Well, what a week. After missing our friends and acquaintances for three years we encounter weather conditions that tested everybody’s good will.

I take my hat off to all, the horse handlers were amazing, the buyers did their best in difficult conditions – they stayed, which in itself we are grateful for – and the horses handled the challenging conditions with aplomb. It was an event we will never forget.

How did they sell? Well, it was patchy, to be honest it was about what we at Waikato expected. I won’t speak for others, but we took home a handful. Our $7.75m gross is not to be regarded as disappointing, with the uncertainty at the time of entering our horses we chose to spread our risk offering a number in Australia. At the end of the day, we are traders; no sales, no money, no stud.
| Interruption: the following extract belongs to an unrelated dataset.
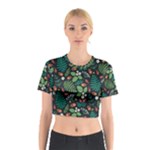 Pattern Forest Leaf Flower Motif Cotton Crop Top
The introduction of new blood is so dependent on the type we have to offer. We regarded our Super Seths right up to expectations, his sale confirmed our confidence in his future. Regretfully, investment in replacement sires has never been at a lower ebb. Four new prospects a year for the last two years reflects not a lack of confidence in the NZ markets where our progeny perform but a lack of confidence in where our domestic market is heading. To be fair, this year’s catalogue illustrated a depletion of our mares, the opportunity to sell any black-type performers is too tempting to resist.

Then we have the weather to contend with, every cancellation is nine opportunities to win a race lost. There is no enthusiasm to race on our synthetic tracks with an unacceptable number of horses returning with issues. Then we have the mystery of the Manawatu debacle. With the course proper considered unsafe one would think the investment of probably $12m on their new synthetic would at least fill the gap for the industry days. The scuttlebuck at the sales was riders considered it unsafe and trainers considered it too firm for their horses. My point, Winston offered $6m towards the construction, therefore the club had to find the rest. To invest at such a level and get this result begs the question: Who the hell is running our industry?

We at Waikato love the game, we want to go places and feel the vibe, the vibe that encourages involvement.

But there are better days. The photo of three trophy rugs won in the last couple of months will keep us from throwing in the towel. Even better, our three wins at Wellington were on a $60k day. Now I know that doesn’t compare with Australia but then very few racing jurisdictions do, however more of these days would be appreciated.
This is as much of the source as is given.